The expected output is the full set of entries, printed exactly, without pictures.
■ ■ ■
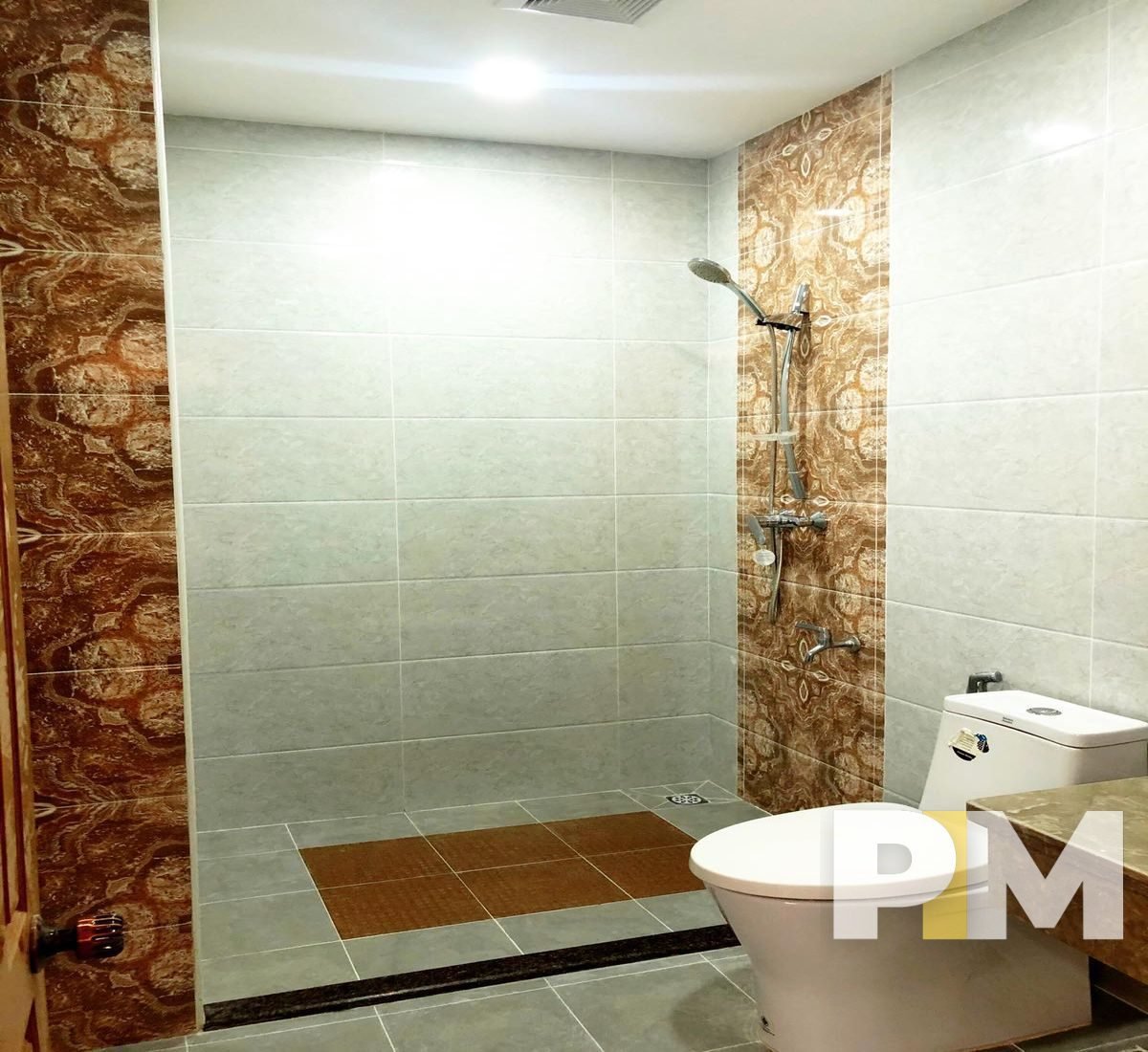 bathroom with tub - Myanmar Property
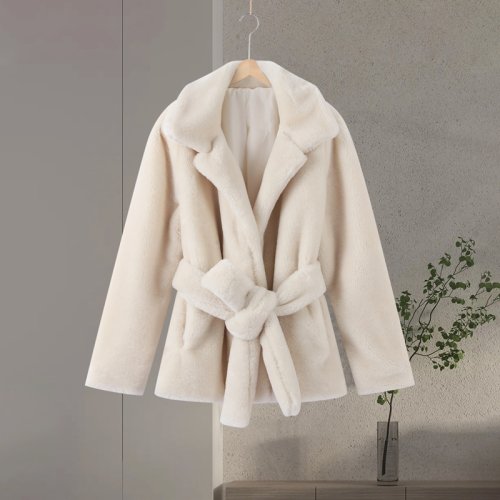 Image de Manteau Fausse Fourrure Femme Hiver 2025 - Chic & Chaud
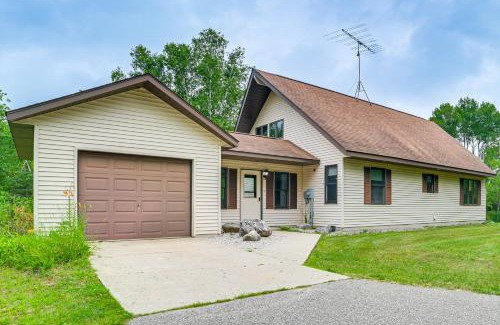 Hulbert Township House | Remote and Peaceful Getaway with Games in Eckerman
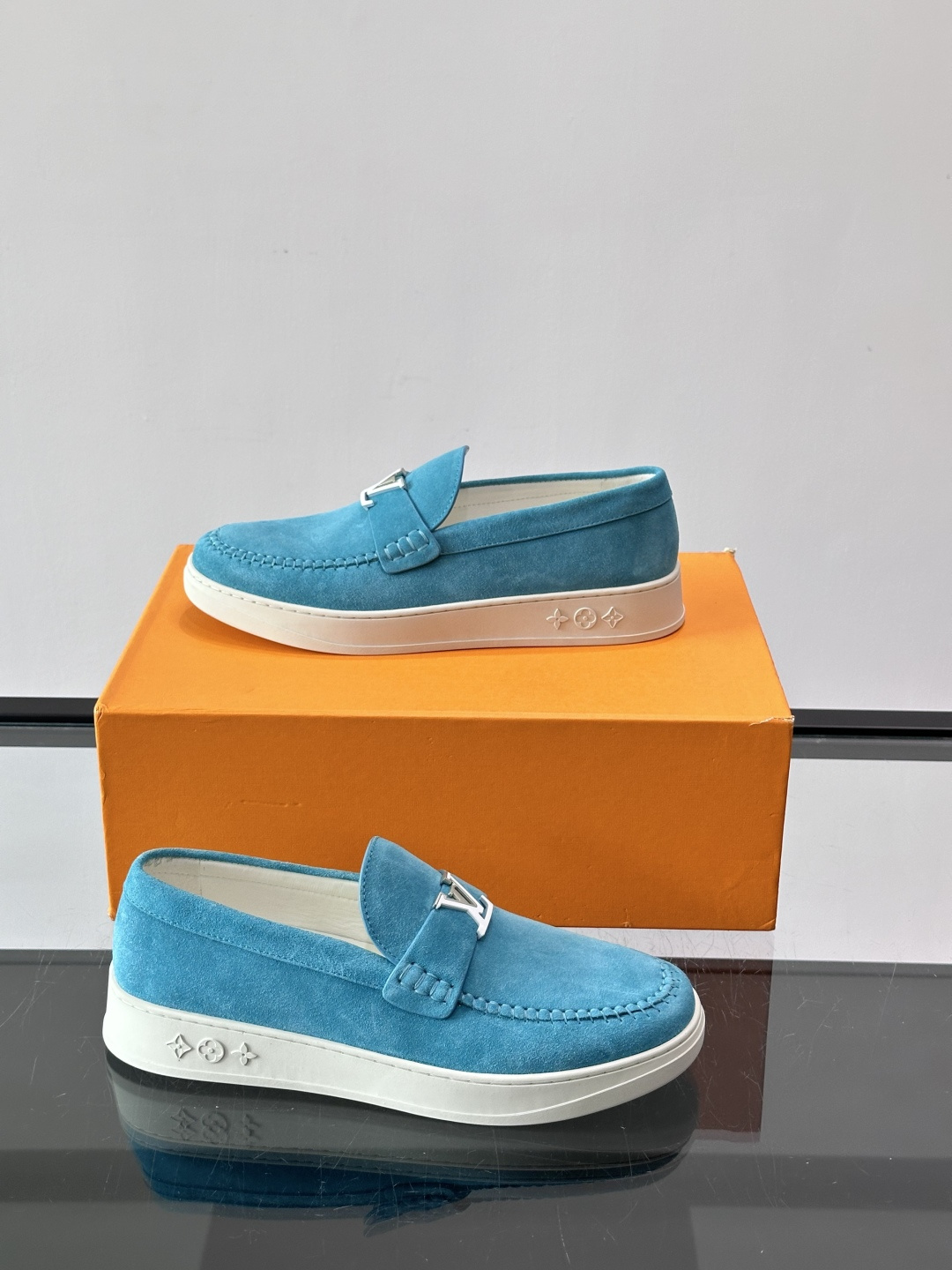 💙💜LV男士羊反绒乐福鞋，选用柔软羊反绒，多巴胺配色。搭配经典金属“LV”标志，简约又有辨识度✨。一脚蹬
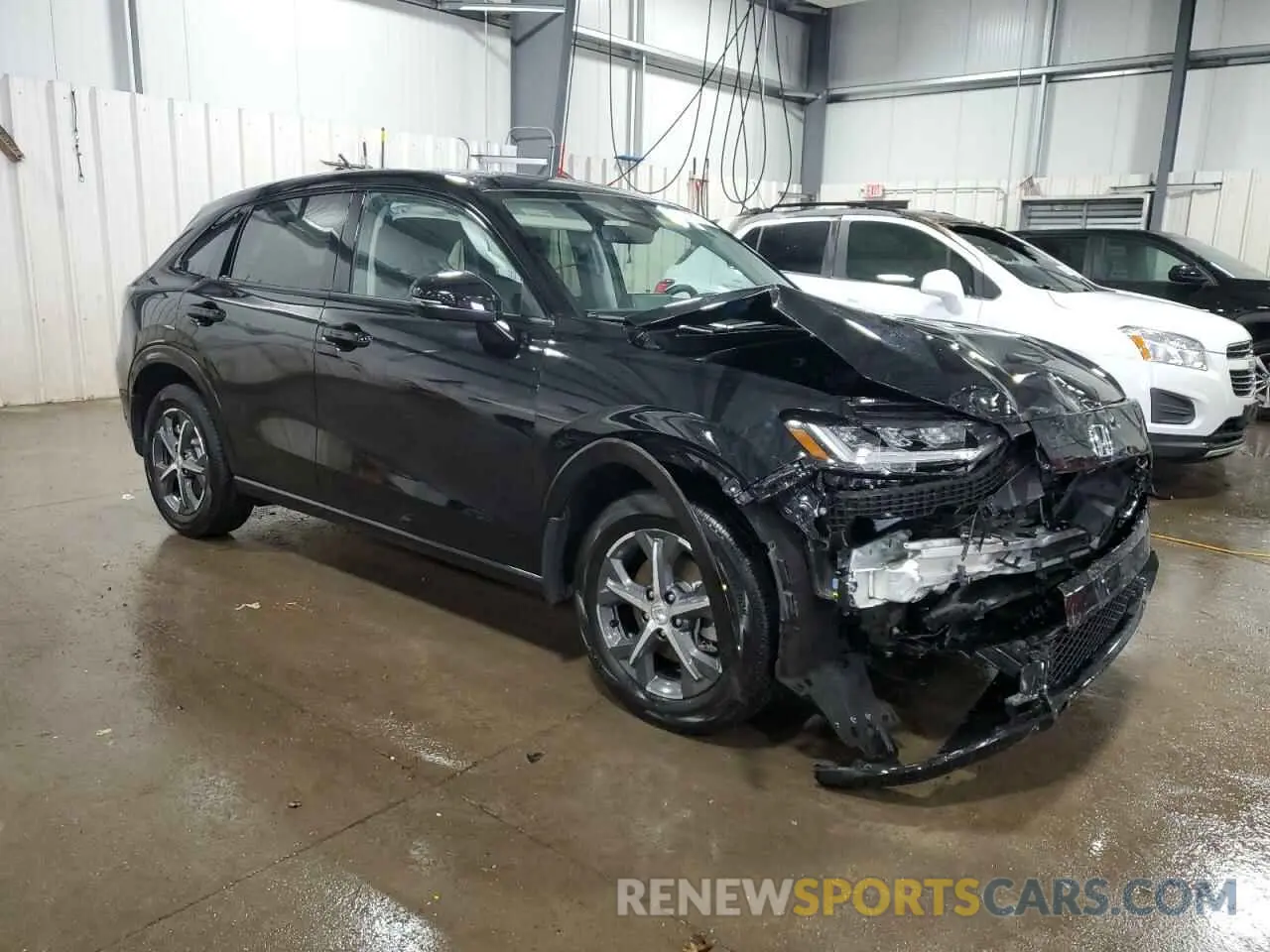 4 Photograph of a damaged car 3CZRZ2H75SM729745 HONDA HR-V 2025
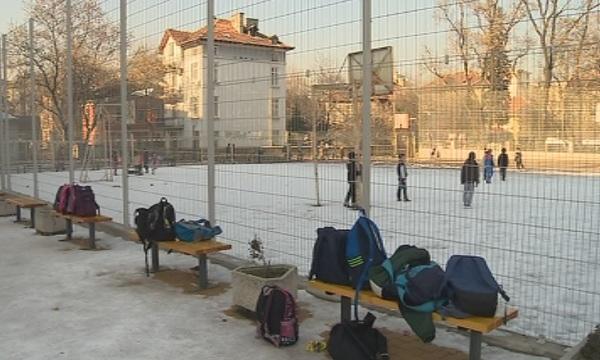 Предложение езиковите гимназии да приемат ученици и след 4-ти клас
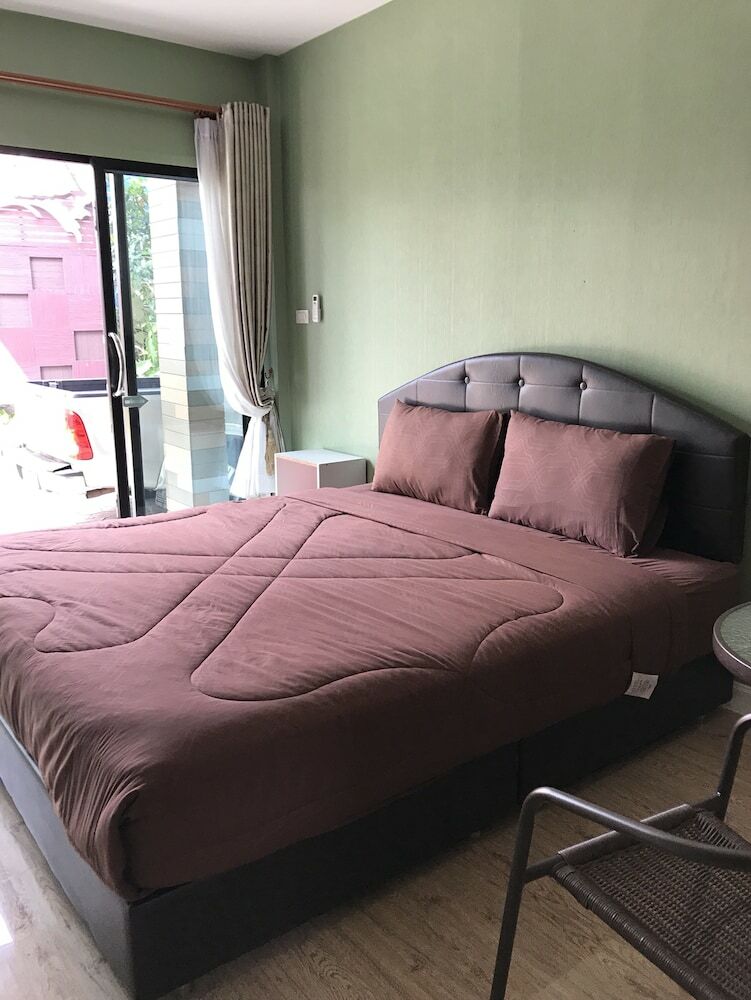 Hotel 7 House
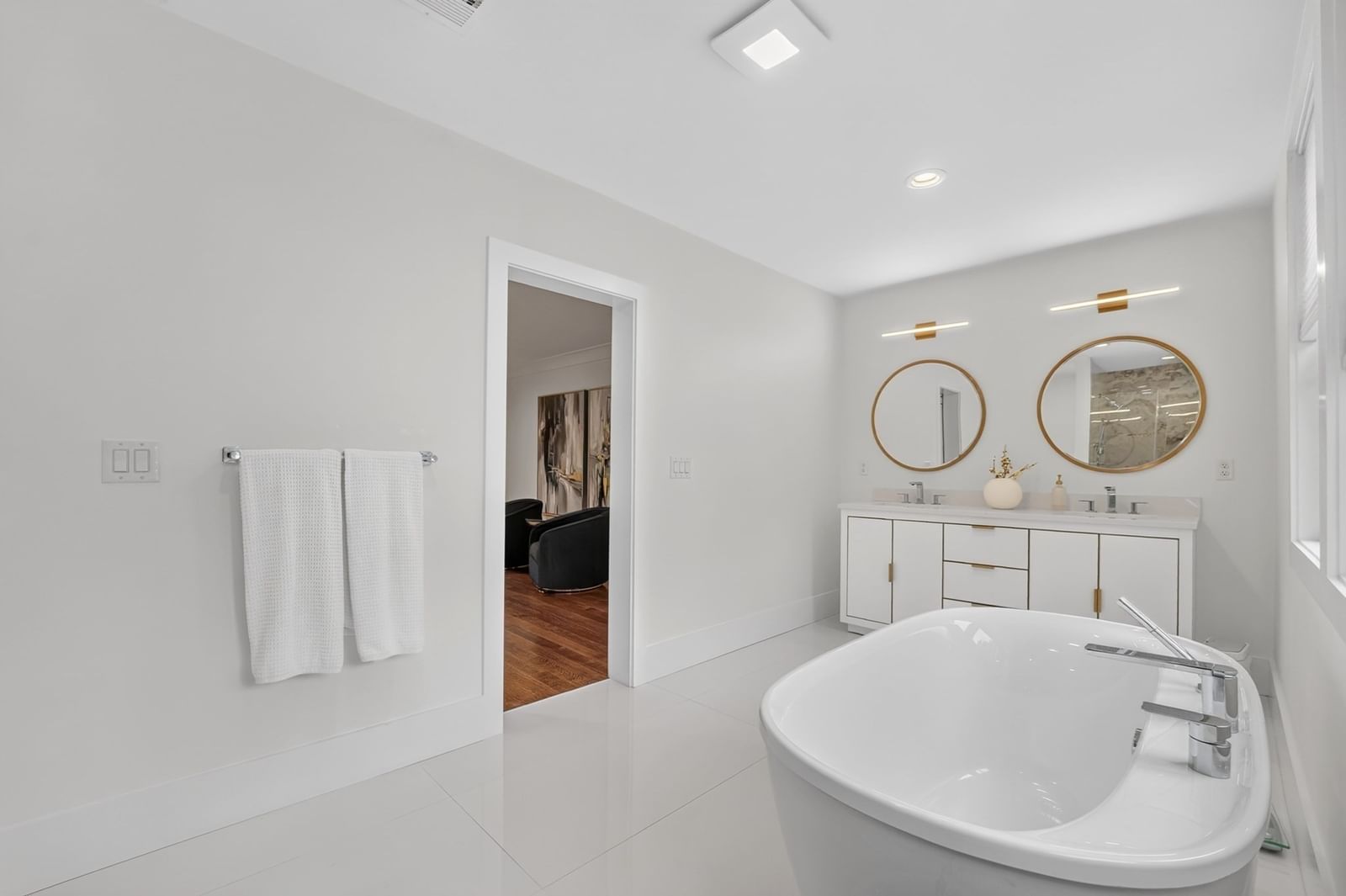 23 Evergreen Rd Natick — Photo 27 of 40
■ ■ ■
**Written answer:**
 bathroom with tub - Myanmar Property
 Image de Manteau Fausse Fourrure Femme Hiver 2025 - Chic & Chaud
 Hulbert Township House | Remote and Peaceful Getaway with Games in Eckerman
 💙💜LV男士羊反绒乐福鞋，选用柔软羊反绒，多巴胺配色。搭配经典金属“LV”标志，简约又有辨识度✨。一脚蹬
 4 Photograph of a damaged car 3CZRZ2H75SM729745 HONDA HR-V 2025
 Предложение езиковите гимназии да приемат ученици и след 4-ти клас
 Hotel 7 House
 23 Evergreen Rd Natick — Photo 27 of 40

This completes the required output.